In September 1978, the Federal Bureau of Investigation and New Orleans Police Department jointly undertook an investigation of criminal activities in the French Quarter. Three New Orleans policemen and one FBI agent, posing as corrupt police officers, made themselves available for "payoffs." Using this cover, they penetrated appellants' illegal gambling enterprise. The material highlights of the evidence introduced at trial, which consisted largely of the testimony of the undercover officers and tape-recorded conversations between the officers and defendants, reflect the following scenario.
On December 27, 1978, the undercover officers met with Colacurcio's son, Billy, who suggested the possibility of payoffs for "protection." A week later the officers met with Colacurcio and Billy and discussed a "package" deal, which included protection for proposed illegal gambling and prostitution operations, and other services such as help inside the prosecutor's office in the event of an unfortuitous arrest. On January 4, 1979, the officers again met with Colacurcio and were introduced to Rallis, who was to operate the gambling. Rallis was aware of the protection negotiations. A few days later the officers, Colacurcio and Rallis examined a site on Iberville Street for the proposed gambling casino. Rallis signed a lease on the Iberville Street property, and the second floor was renovated and equipped for gambling. At other meetings during this time, Colacurcio, Rallis and the officers discussed, among other things, the prospects of the gambling venture, Rallis' qualifications to run the casino, the obligations of the officers under the arrangement, and the compensation the officers would receive for their efforts.1
The casino began operation with a card game during the early morning hours of January 20, 1979. The officers were present. Rallis collected money for the chips; DiMopoulas distributed them. Rallis took three percent of the chips from each pot and placed them in a cigar box; DiMopoulas periodically emptied this cigar box into a drawer. Two other persons, Demetra Ann Pierce and Vassilios Metrakos, served sandwiches and drinks to the players. Pierce and Metrakos also acted as security guards by looking through a peephole in the casino's door and observing people exiting the elevator. If they were recognized, Pierce or Metrakos would admit them to the casino.

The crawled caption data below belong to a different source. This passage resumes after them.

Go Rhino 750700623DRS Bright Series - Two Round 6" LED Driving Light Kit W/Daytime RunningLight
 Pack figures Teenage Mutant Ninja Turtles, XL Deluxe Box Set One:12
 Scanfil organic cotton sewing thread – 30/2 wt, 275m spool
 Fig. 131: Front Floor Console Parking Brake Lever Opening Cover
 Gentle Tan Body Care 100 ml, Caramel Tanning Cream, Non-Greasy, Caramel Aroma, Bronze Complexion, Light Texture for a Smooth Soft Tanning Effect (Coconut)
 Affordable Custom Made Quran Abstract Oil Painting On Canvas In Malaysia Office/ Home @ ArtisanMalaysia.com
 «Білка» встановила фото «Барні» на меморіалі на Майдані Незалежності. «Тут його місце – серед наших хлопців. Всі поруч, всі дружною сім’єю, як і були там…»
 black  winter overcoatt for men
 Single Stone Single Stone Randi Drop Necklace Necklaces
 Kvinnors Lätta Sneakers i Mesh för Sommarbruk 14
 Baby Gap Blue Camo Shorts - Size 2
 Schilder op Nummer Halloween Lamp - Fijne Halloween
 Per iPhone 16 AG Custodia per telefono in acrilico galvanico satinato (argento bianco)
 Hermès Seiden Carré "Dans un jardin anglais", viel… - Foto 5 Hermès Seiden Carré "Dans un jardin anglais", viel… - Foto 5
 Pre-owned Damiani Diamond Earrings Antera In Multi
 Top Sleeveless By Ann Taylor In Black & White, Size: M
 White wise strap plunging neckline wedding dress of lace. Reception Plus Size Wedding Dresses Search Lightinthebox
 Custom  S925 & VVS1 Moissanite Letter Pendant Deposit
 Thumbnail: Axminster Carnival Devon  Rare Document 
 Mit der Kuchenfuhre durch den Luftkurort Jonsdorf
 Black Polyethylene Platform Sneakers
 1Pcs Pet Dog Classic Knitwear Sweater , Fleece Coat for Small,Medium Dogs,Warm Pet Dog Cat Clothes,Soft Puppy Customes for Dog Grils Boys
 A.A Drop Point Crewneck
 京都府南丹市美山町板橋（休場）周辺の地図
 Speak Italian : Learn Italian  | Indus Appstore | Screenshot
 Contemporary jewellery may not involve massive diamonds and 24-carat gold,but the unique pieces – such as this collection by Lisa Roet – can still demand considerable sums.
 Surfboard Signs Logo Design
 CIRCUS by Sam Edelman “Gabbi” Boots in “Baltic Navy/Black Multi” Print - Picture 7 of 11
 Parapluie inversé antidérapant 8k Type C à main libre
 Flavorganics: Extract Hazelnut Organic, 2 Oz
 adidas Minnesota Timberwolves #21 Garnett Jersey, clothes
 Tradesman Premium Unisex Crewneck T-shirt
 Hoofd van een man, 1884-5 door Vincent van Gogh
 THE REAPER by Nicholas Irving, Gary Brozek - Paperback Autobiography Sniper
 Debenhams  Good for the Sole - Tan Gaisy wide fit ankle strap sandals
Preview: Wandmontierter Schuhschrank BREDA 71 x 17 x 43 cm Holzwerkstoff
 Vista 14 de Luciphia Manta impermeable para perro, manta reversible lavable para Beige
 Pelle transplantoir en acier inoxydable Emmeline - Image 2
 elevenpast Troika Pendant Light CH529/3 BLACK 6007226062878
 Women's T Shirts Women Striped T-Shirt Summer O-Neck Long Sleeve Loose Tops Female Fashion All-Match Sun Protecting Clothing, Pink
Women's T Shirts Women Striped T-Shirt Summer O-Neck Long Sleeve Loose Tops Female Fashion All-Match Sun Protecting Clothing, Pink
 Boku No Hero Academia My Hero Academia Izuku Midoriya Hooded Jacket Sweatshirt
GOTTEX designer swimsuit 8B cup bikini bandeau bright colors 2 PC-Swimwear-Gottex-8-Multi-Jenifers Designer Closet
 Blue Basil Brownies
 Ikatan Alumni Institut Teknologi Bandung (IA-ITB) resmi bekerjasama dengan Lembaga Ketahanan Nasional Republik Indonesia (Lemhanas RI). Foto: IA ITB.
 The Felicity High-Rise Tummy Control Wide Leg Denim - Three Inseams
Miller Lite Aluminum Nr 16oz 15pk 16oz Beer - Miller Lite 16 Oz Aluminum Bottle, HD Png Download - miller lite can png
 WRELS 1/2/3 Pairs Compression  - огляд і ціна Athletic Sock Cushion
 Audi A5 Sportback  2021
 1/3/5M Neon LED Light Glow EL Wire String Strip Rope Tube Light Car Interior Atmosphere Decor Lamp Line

The officers returned to the casino that evening and found the operations essentially unchanged. Pierce and Metrakos waited on the patrons, including the officers, and cleaned up the premises. A week later, one of the officers returned and observed a dice game and a card game; Rallis, DiMopoulas, Pierce, and Metrakos were performing the same roles as before.
After the first ten days of operation, Colacurcio expressed satisfaction with the officers' services and paid them $300. During the months of February, March, and April, Colacurcio paid the officers $300 in cash each week. Colacurcio insisted that all payments be made by him to the same officer so that if a "problem" developed the matter would involve one man's word against another.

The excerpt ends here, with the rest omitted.